# Bayesian decision theory

**Bayesian decision theory** refers to a decision theory which is informed by Bayesian probability. It is a fundamental statistical system that tries to quantify the tradeoff between various decisions, making use of probabilities and costs. An agent operating under such a decision theory uses the concepts of Bayesian statistics to estimate the expected value of its actions, and update its expectations based on new information. These agents can and are usually referred to as estimators.
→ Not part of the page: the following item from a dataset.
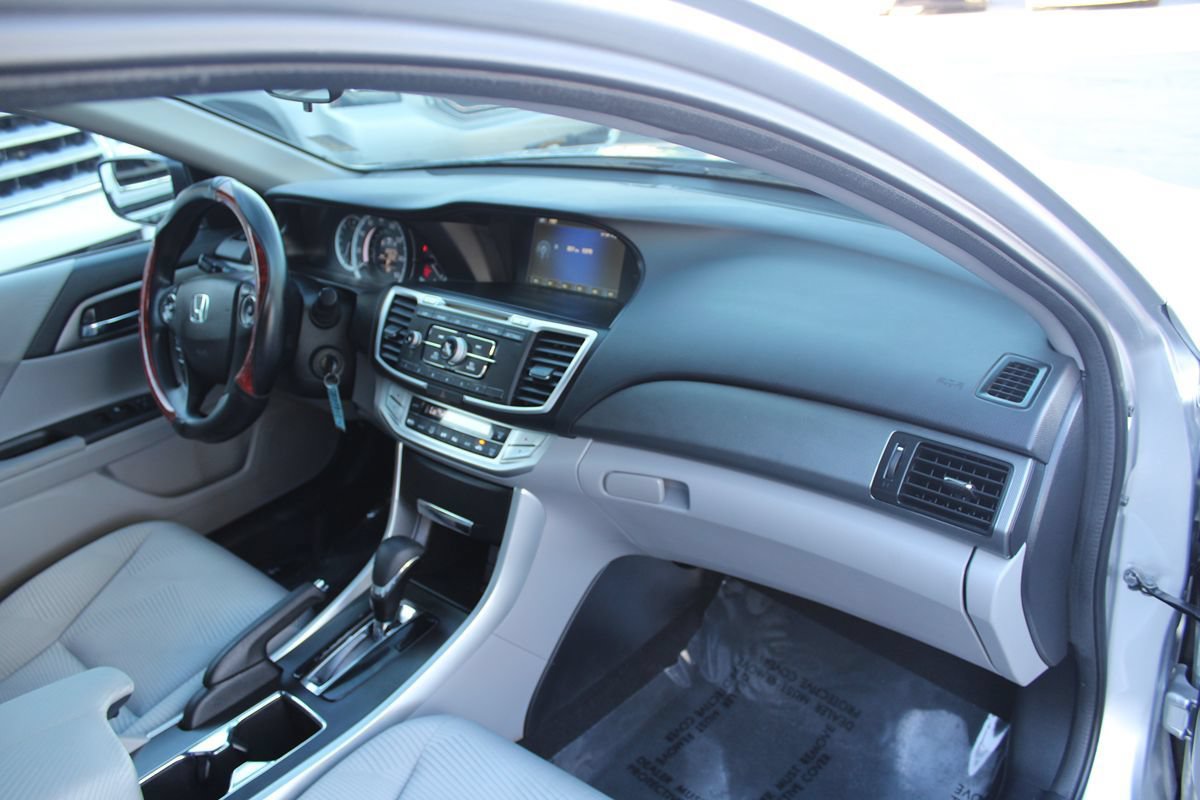 Used 2014 Honda Accord LX image 18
Consider any kind of probability distribution - such as the weather for tomorrow (encompassing several variables such as humidity, rain or temperature). From a Bayesian perspective, that represents a prior distribution. That is, it represents how we believe *today* the weather is going to be tomorrow. By contrast, for a frequentist under classical probability interpretation, it would be a simple distribution function with no special meaning. A Bayesian decision rule is one that consistently tries to minimize the risk of the probability distribution. Such risk can be seen as the difference between the prior beliefs and the real outcomes - the prediction and the actual weather tomorrow.

Computer algorithms such as those studied in the subject of Machine learning can use Bayesian methods also. Besides this explicit implementations, it also has been observed that naturally evolved systems mirror these probabilistic methods when they adapt to an uncertain environment.

What Less Wrong refers to as Rationality is an effort to make conscious thoughts a better approximation of Bayesian decision theory, in order to better understand the world and achieve one's goals.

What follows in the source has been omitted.